Earlier I mentioned how some network switches don't do well with NLB. This is because of the way NLB uses MAC addresses. Well, NLB was originally designed to be used with a network hub which doesn't care about MAC addresses. I'm not saying that NLB doesn't work with switches, I'm just saying that you need to plug NLB enabled network adapters into network devices that 1) allow multiple ports to have the same MAC address, 2) allow all of the ports to receive all of the traffic, and 3) the device allow the NLB heartbeat (broadcast packets) to actually broadcast to all of the ports. If you device meets this criteria then great. Otherwise, plug all of the NLB network adapters into a hub and uplink the hub to your network switch. Doing the hub test is especially important if you are having problems with NLB not converging.
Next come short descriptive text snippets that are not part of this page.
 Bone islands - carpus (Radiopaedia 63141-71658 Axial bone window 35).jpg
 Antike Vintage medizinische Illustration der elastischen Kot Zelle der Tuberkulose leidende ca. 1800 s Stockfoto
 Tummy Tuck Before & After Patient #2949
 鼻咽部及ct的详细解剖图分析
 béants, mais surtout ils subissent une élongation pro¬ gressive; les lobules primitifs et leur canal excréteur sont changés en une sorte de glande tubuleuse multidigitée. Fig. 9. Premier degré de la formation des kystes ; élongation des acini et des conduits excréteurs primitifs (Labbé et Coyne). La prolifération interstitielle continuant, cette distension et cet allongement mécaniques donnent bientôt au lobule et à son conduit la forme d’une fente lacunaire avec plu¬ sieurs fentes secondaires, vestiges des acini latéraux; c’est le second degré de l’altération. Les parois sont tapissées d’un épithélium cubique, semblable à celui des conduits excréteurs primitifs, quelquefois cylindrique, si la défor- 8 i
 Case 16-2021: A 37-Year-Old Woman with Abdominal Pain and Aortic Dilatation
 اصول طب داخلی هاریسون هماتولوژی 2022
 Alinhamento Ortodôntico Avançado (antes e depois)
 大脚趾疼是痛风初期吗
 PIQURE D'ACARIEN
 So let's say you did the hub test and NLB finally is working for you. You are left with a problem... there aren't very many 100Mb or 1Gb hubs these days, so now we have a throughput problem, right? Well, if you followed my advise so far, then it shouldn't be a problem even if you are using a 10Mb hub. At this point, your server requests are flowing in through the NLB enabled network adapters, then flowing out the backend (non-NLB enabled) network adapter. Well, server requests are typically very small and since your responses are flowing out of the backend network adapter, all your NLB adapters have to handle is incoming requests. Hopefully, since this incoming network traffic small, a 10Mb hub should be able to handle it with the heavier output traffic going out the faster 100Mb or 1Gb network network adapter. 

I hope it is helpful. NLB is still a great and cost effective solution when well understood.

 One last note... after posting this blog entry, I was made aware that we (Microsoft) may be releasing a patch that will allow IGMP support for NLB in multicast, so this may help.